__Data below__
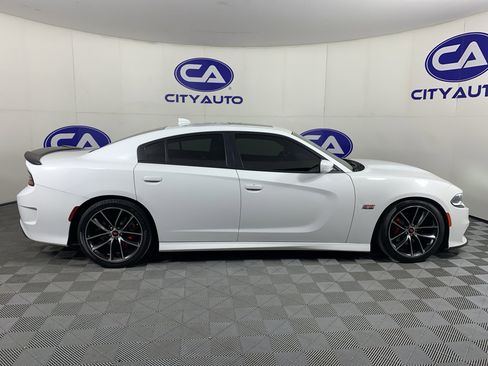 Used 2016 Dodge Charger R/T Scat Pack w/ Technology Group RWD image 2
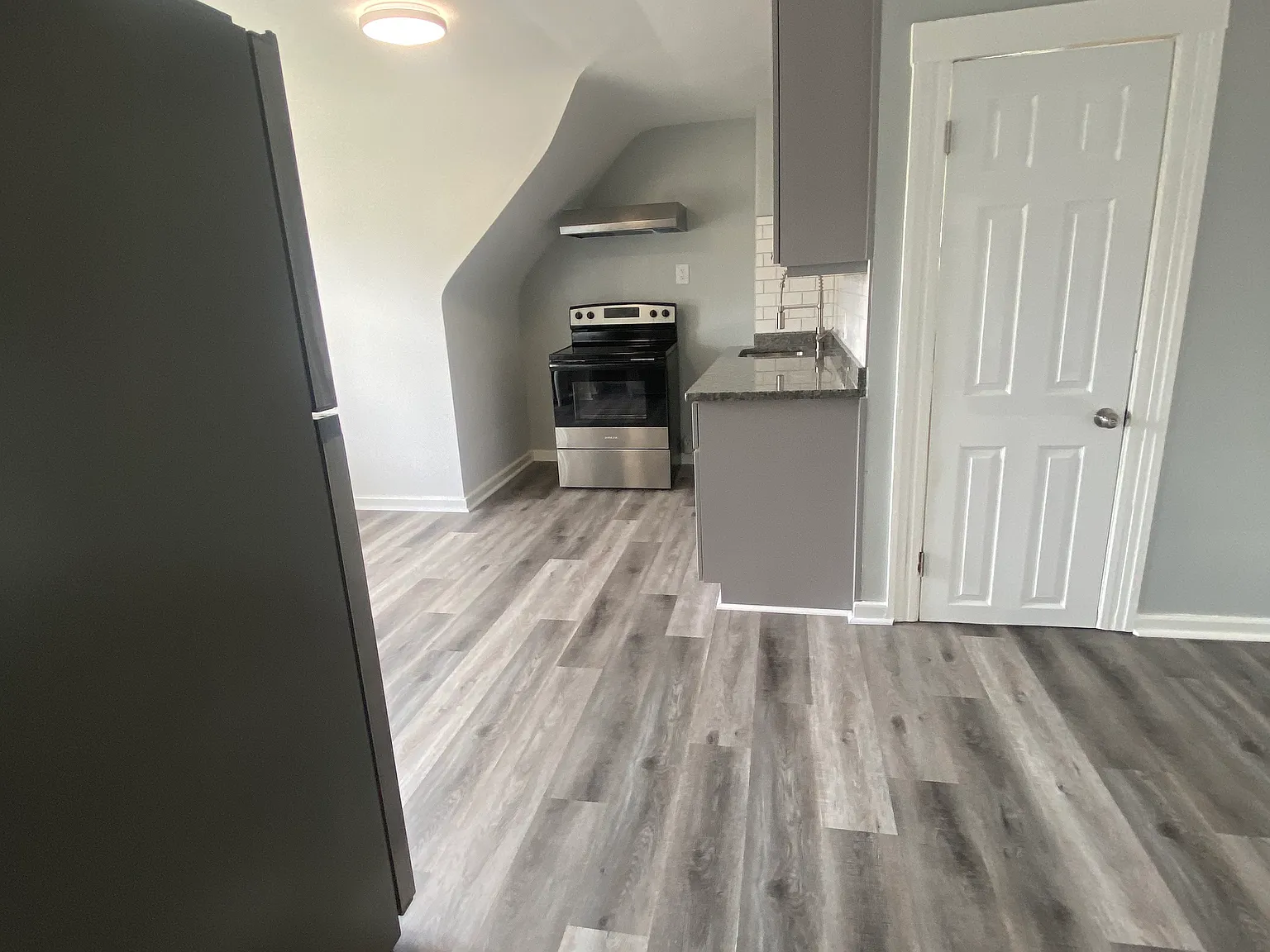 2 bed, 825 sqft, $1,250 — Photo 2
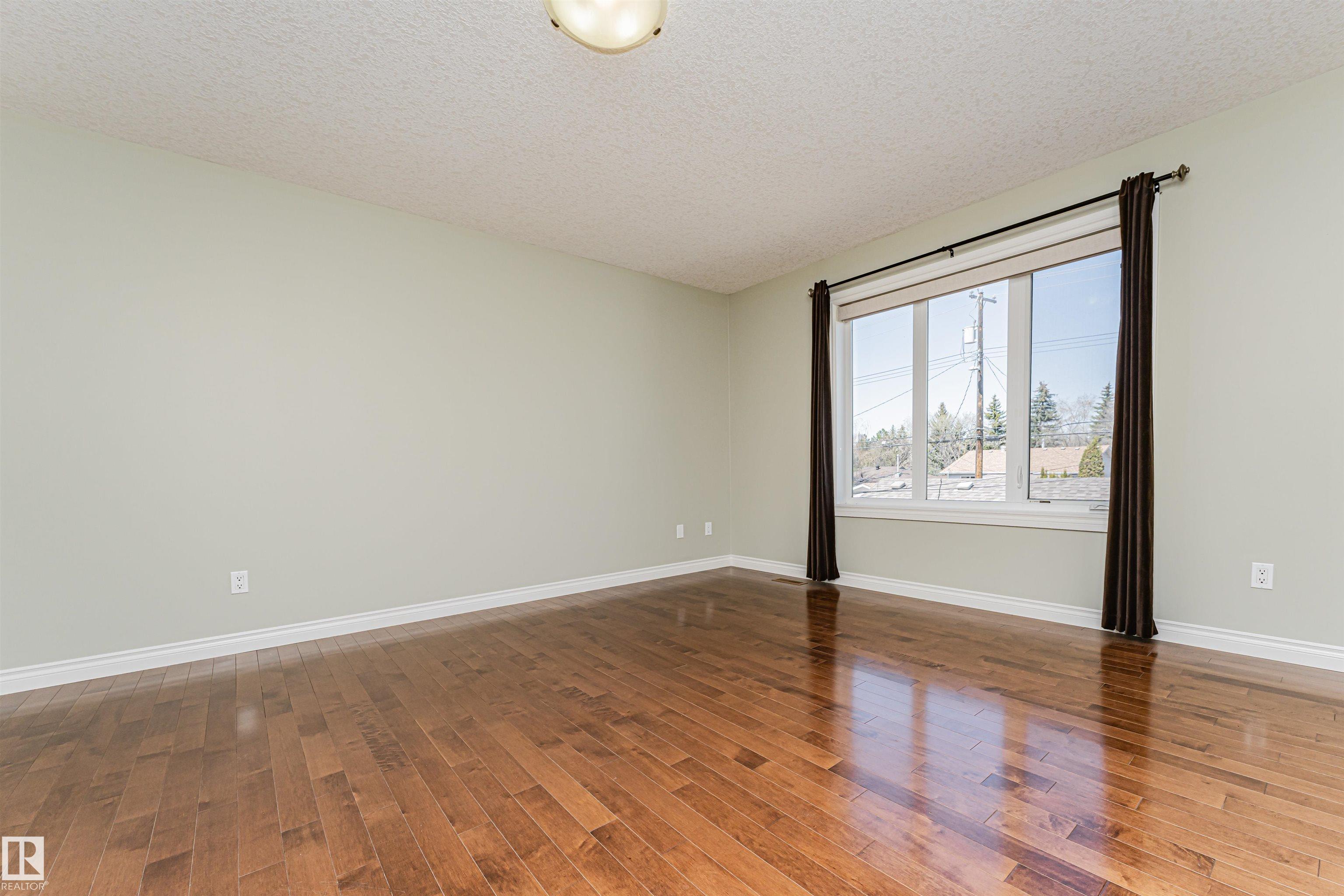 Photo 30 at 8530 76 Avenue NW, King Edward Park, Edmonton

__Your objective__
All the material above must be copied exactly, and no picture belongs in the copy.

__Response__
 Used 2016 Dodge Charger R/T Scat Pack w/ Technology Group RWD image 2
 2 bed, 825 sqft, $1,250 — Photo 2
 Photo 30 at 8530 76 Avenue NW, King Edward Park, Edmonton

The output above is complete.